V2.2.1810 of the system (which is still called Isis2)

Jul 9, 2014 at 12:19 AM
Edited Jul 12, 2014 at 5:27 PM
V2.2.xxxx is a beta, but working really well. Most of the work has been on bug fixes related to the OOB code, especially on Infiniband. OOB is faster (and we'll do even better by end of summer) and more and more flexible. Weijia Song is integrating this into a file system and also extending Kaveri's command-line tool, so those options will be "real" in V2.2.xxxx soon too.
Jul 10, 2014 at 11:02 PM
Edited Jul 12, 2014 at 3:25 PM
Uploaded V2.2.1801. This fixes a problem Nick Lowe reported a while back, but that I didn't get a chance to look at until this week. In summary, he found that if he repeatedly crashed and restarted ORACLE members, eventually the membership service would hang. I was able to reproduce his bug and tracked it down to a race condition, which I think is now fixed. I doubt that anyone else has ever seen this issue.

At the same time I added yet another new parameter. A while ago I added ISIS_IGNOREPARTITIONS=false. If true, the ORACLE would keep running even when a partition failure causes it to split into two; if false it would shut down in that situation. But I was finding it annoying that in an ORACLE with 2 members, killing one caused the other to shut down. So now I added ISIS_IGNORESMALLPARTITIONS=true. In this specific case (had 2, 1 failed) Isis will keep running even though technically, this could be a partitioning event. Set ISIS_IGNORESMALLPARTITIONS=false for the old behavior.

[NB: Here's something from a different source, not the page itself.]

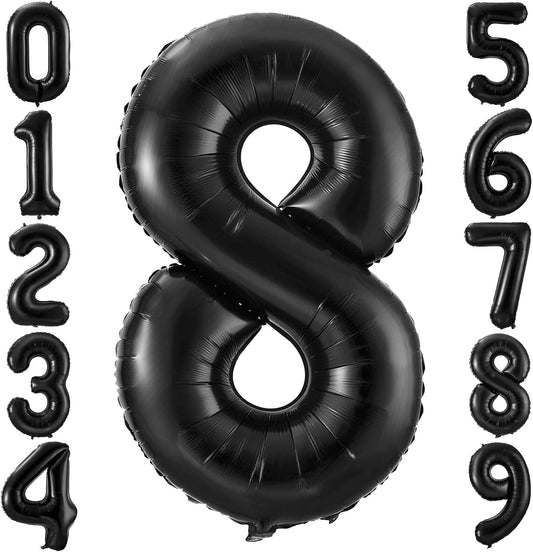 Black 8 Balloon Number,40 Inch Number 8 Balloon Large Black 8 Foil Mylar Helium Balloon for Birthday Party Decorations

You should read the documentation to learn more about these, and also to learn about the proper control of the various OOB transfer configuration parameters (ISIS_UNICAST_ONLY, ISIS_INFINIBAND, ISIS_FASTETHER, ISIS_USERDMA). You would also often need to set ISIS_HOSTS and ISIS_NETWORK_INTERFACES to tell the system which network interface to use, for the RDMA cases.

ib.dll is only needed for people who plan to work with ISIS_USERDMA=true and ISIS_INFINIBAND or ISIS_FASTETHER. Others can just ignore the file. You won't need to download it and Isis won't complain that it can't find it.
Jul 12, 2014 at 3:23 PM
Updated documentation, uploaded the revised user manual and the revised .chm file (for some reason SandCastle didn't rebuilt the .chw file -- I need to look into that. Let me know if this causes an issue for anyone)
Jul 12, 2014 at 5:27 PM
Updated to V2.2.1806. This fixes a small bug for the INFINIBAND version of the RDMA OOB transfer that arose (only) if a member failed midway through the transfer. (not something many people would encounter).
Jul 12, 2014 at 8:41 PM
V2.2.1807. This removes a debug print statement I neglected to comment out, and also fixes (I think) a small bug Weijia found in which the completion upcall wasn't occurring in OOBReReplicate if one or more of the target members were actually on the same node as the initiator.
Jul 13, 2014 at 7:03 PM
Edited Jul 13, 2014 at 7:54 PM
V2.2.1809. This fixes another very minor thing: Weijia found a situation in which the OOB code was unable to create a memory-mapped file "view accessor" and fixed it. It only arose on Mono, and only if you ran multiple processes on the same Linux hosts and then did an OOBReReplicate that included those processes as replica targets.
Aug 9, 2014 at 8:45 PM
V2.2.1810. Theo was working with the system on Mono and noticed 3 lines that wouldn't compile without a minor edit, as well as one reversion that "unfixed" an old bug fix impacting the group MultiJoin API. These 4 lines have now been fixed.